Depends how you send it, tho it always sends the meta data, too.
It could be email, using gzip -9 | mpack, it could be ftp without
the mpack. It depends.

It also depends on the granularity you chose. Are you sending a
single change set, a whole branch (LOD), or a whole project? They are
all sent using the same mechanism. Of course, each is progressively
larger.

> And how much data was sent across the wire to figure out what to
> send?

Zero.

> And while we're at it, suppose I have 2 repositories with 100,000
> files in them. Suppose that they are uptodate. How long does it
> take Aegis to figure that out?

Under what circumstances? If they are both up-to-date, there would
be no reason to do anything. However, if a change set were
propagated, you have to decide. If it is a simple change set, the
files by definition are different (or maybe not, but it's a small
effort to decde). If it is a whole branch, then the files are
checked for equality, at the receiving end, and the change set
pared down to just the differences. Ditto for a whole project (a
project is simply an un-numbered super-ancestor branch) but obviously
the amount of work is larger.

> > 2. No UNCONDITIONAL commits. Ever.
>
> Jeeze. BK is quite happy to stick whatever you ask it into a
> repository. The reason that it is happy to do so is because it
> can undo that change with a single command.

AFTER the trojan has been commited and acted, which is how I worked
out I need to yank it. Locking the barn door after the horse has
bolted. ``Jeeze.''

> > No way any incoming patch from IDontKnowYou is going into my
> > repository without any preconditions! (Really simple preconditions
> > like "the repository still builds" and "the repository still
> > tests out OK")
>
> And what, pray tell, is wrong with optimizing for the common case, which
> is the changeset is just fine? It seems to me that you are making your
> users do extra work that they don't need to do.

Nothing, except security (you know: "availability, integrity, confidentiality").

Nothing, except the common case is "peer review failed".
(If your reviews *don't* fail, why the heck are you doing them?)
(You are doing peer reviews, aren't you?)

Also, one of the stated problems with the current state of L-K affairs
is an increasing proportion of, shall we say, "inferior" incoming
patches. Weeding them out is the issue - policy again - not file revs.

Actually, Aegis distributed development makes *less* work.

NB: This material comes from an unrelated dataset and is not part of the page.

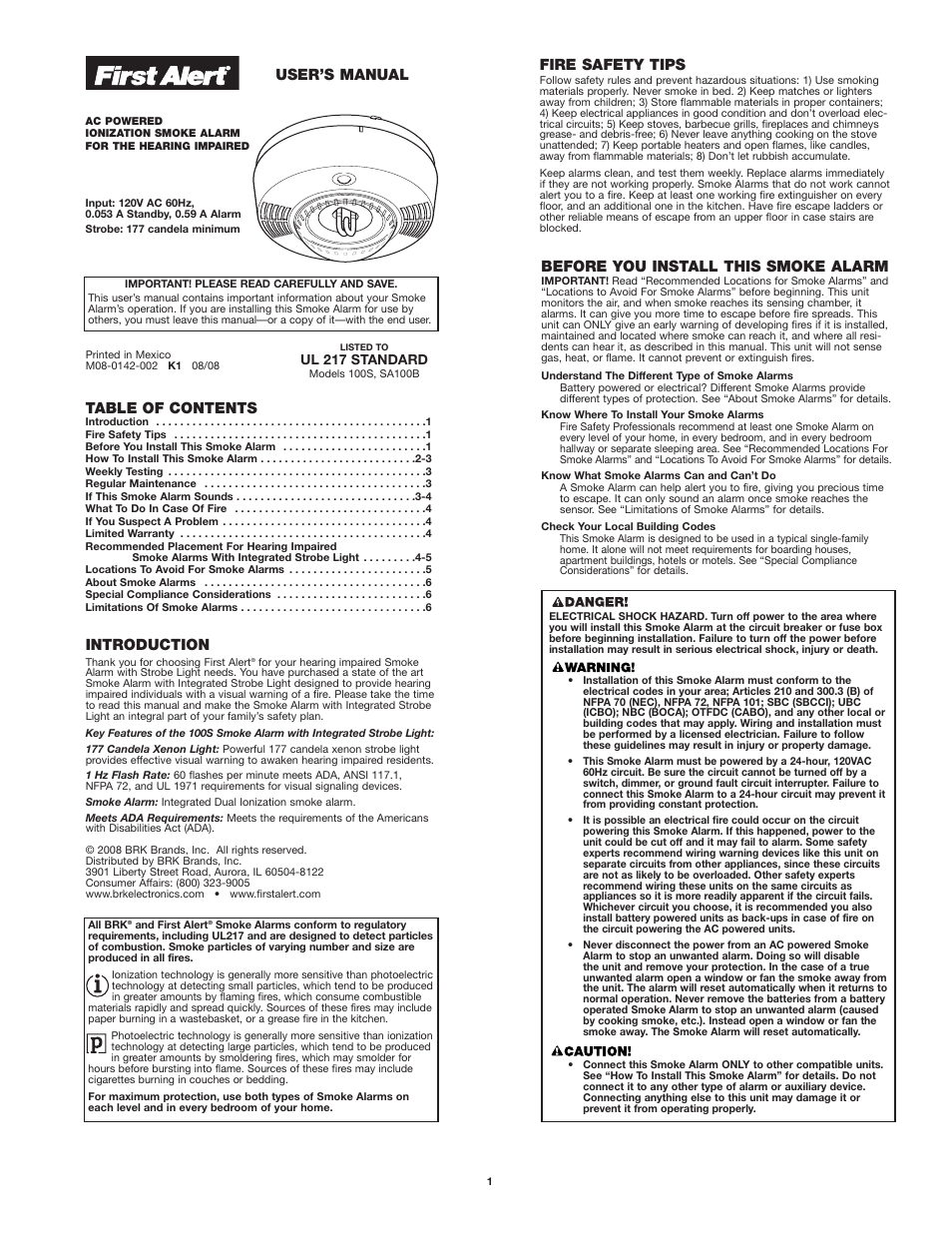 BRK electronic SC9120B User Manual | 6 pages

It is
perfectly possible, and indeed the recommended practice, to write
a procmail filter which will AUTOMATICALLY perform all of these
validations, and leave it ready for a human to give it the once-over.
Once that's done, the rest of the commit can also be AUTOMATED.

Using Aegis, the essential work of the maintainer, to quote
Linus, is to say "No". All the messy bits (build it, test it, push
the files around) are automated.

<asside>
Before y'all scream about testing kernels, let me just say that
(a) the kernel presents a challenge, (b) I don't have a foolfproof
ways to do this, (c) I *do* use Aegis to develop and test kernel
modules, and (d) yes, there will always be the halting problem.
When I say "testing" and "Aegis" in the same sentence, I'm speaking
generally. Mind you, I suspect that as more and more of the kernel
is modules, a heck of a lot of testing is possible!
</asside>

> and when you are going to integrate bug tracking in,

I'm not. The notification hooks are already there. (Change sets
have always had meta-data, such as descriptions and audit trails,
since the very beginning. For many small projects, this may be
enough, but it's a side-effect, not a design goal. Use the state
transition notifications if you want more.) Aegis does a particular
portion of the process, not all of it.

> mailing list

They already work. Aegis does a particular...

> and web server support, etc.

A CGI glue script is provided. Aegis does...
Are you suggesting I add a *web server* to it?!?

Regards
Peter Miller E-Mail: millerp@canb.auug.org.au
/\/\* WWW: http://www.canb.auug.org.au/~millerp/
Disclaimer: The opinions expressed here are personal and do not necessarily
reflect the opinion of my employer or the opinions of my colleagues.